The Court of Appeals for the Third Circuit reversed. United States ex rel. Sullivan v. Cuyler, 593 F. 2d 512 (1979). It first held that the participation by DiBona and Peruto in the trials of Sullivan and his codefendants established, as a matter of law, that both lawyers had represented all three defendants. The court recognized that multiple representation “ ‘is not tantamount to the denial of effective assistance of counsel. . . .' ” But it held that a criminal defendant is entitled to reversal of his conviction whenever he makes “ ‘some showing of a possible conflict of interest or prejudice, however remote. . . .’ ” Id., at 519, quoting Walker v. United States, 422 F. 2d 374, 375 (CA3) (per curiam), cert. denied, 399 U. S. 915 (1970). See also United States ex rel. Hart v. Davenport, 478 F. 2d 203, 210 (CA3 1973). The court acknowledged that resting at the close of the prosecutor's case “would have been a legitimate tactical decision if made by independent counsel.”
II
At the outset, we must consider whether the Court of Appeals exceeded the proper scope of review when it rejected the Pennsylvania Supreme Court’s conclusion that DiBona and Peruto had not undertaken multiple representation. Petitioners claim that this determination by the Pennsylvania Supreme Court was a factfinding entitled to a presumption of correctness under 28 U. S. C. § 2254 (d).
Section 2254 (d) provides that “a determination after a hearing on the merits of a factual issue, made by a State court of competent jurisdiction . . . [and] evidenced by a written finding, written opinion, or other reliable and adequate written indicia, shall be presumed to be correct” unless the applicant for a federal writ of habeas corpus can establish one of the enumerated causes for exception. The Pennsylvania Supreme Court’s holding does not fall within this statute because it is a conclusion of law rather than a finding of fact.

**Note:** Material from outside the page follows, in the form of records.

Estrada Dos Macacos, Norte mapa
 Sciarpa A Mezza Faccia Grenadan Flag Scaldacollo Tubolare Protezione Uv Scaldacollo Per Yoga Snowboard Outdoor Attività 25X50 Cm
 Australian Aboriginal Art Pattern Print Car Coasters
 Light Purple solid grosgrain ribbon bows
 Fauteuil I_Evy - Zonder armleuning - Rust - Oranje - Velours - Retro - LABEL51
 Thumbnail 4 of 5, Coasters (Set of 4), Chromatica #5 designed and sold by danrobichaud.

In Townsend v. Sain, 372 U. S. 293 (1963), the Court examined the distinction between law and fact as it applies on collateral review of a state conviction. The Townsend opinion, the precursor of § 2254 (d), noted that the phrase
The Court of Appeals carefully recited the facts from which it concluded that DiBona and Peruto represented both Sullivan and his codefendants. The court noted that both lawyers prepared the defense in consultation with all three defendants, that both advised Sullivan on whether he should rest his defense, and that both played important roles at all three trials. 593 F. 2d, at 518-519. In fact, the transcript of Sullivan’s trial shows that Peruto rather than DiBona rested the defense. App. 265a. We agree with the Court of Appeals that these facts establish the existence of multiple representation.
Ill
We turn next to the claim that the alleged failings of Sullivan’s retained counsel cannot provide the basis for a writ of habeas corpus because the conduct of retained counsel does not involve state action.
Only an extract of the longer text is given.